Women in IT: Frida Andreasen

“I want to improve the digital workday for many people”

There are many paths into the IT industry, and for Frida Andreasen it was not in the cards that with a degree in Library and Information Science she would have a career in IT. But the internet's blooming in the late 1990s changed that, and today Frida works as a Managing Consultant at Delegate in the Modern Workplace team.

"In connection with my degree, I first became familiar with websites and then with the intranet, and I completely fell in love with the intranet and how it could be used in companies."

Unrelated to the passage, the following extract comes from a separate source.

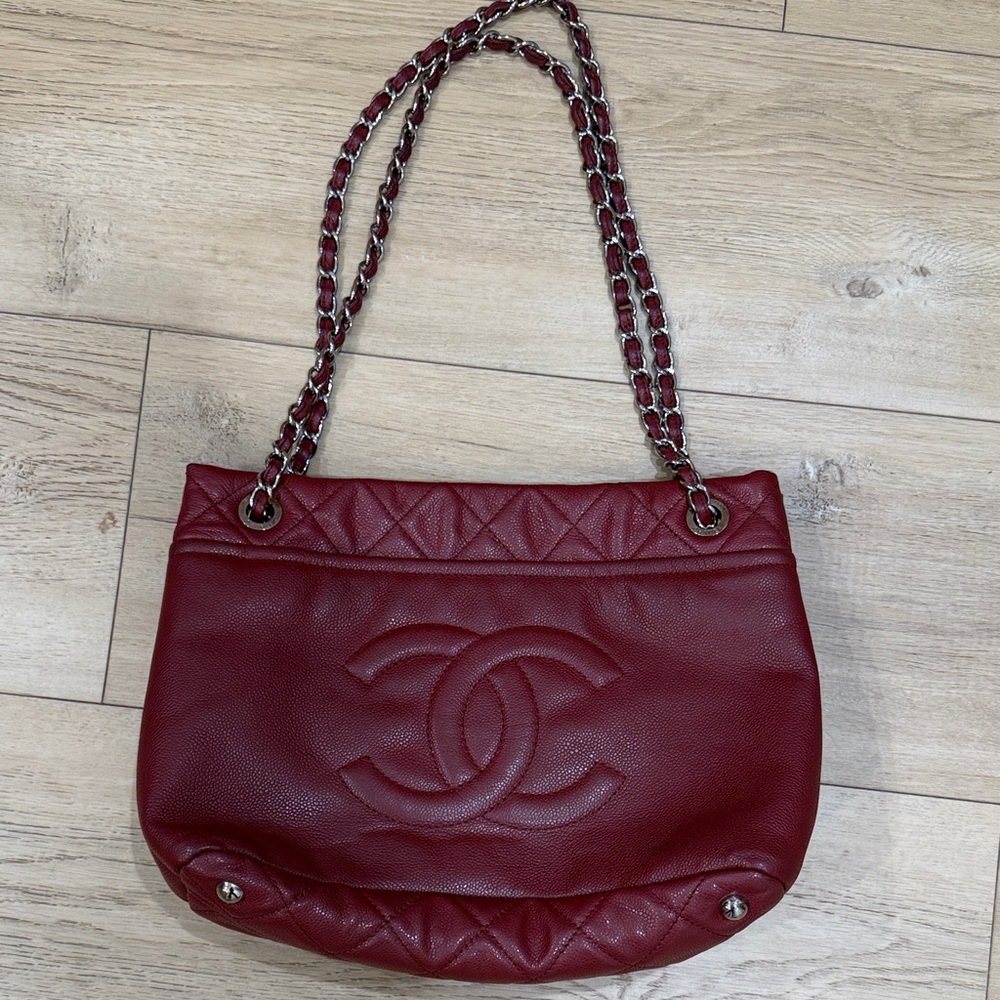 Chanel Timeless CC Soft Tote Caviar bag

Although a degree in Library and Information Science does not immediately sound like the obvious path into the IT world, Frida Andreasen makes daily use of her education in her role as a Managing Consultant at Delegate:

"My expertise is based on theories of how we take large amounts of information and put them into a system so that we can find them again. So, I know a lot about how to build a good information structure, how search works, how to build a taxonomy, etc. And I am extremely structured in my approach to my work. That is a huge advantage, both as a project manager and when you as a solution responsible need an overview of the solution."

Frida Andreasen
Managing Consultant, Delegate

As newly graduated, Frida gets a job at Bispebjerg Hospital, which is the starting point of her career in IT. At Bispebjerg, she is given the task of managing the hospital's first intranet and maintaining the hospital's website:

"I'm completely newly graduated, so they take a chance on me. To be considered for the job, you had to know HTML - which I didn't know at all - but I still said that I did. So, I got the job, and had to buy books and learn HTML in a hurry," Frida laughs, who has more or less been working with intranet ever since."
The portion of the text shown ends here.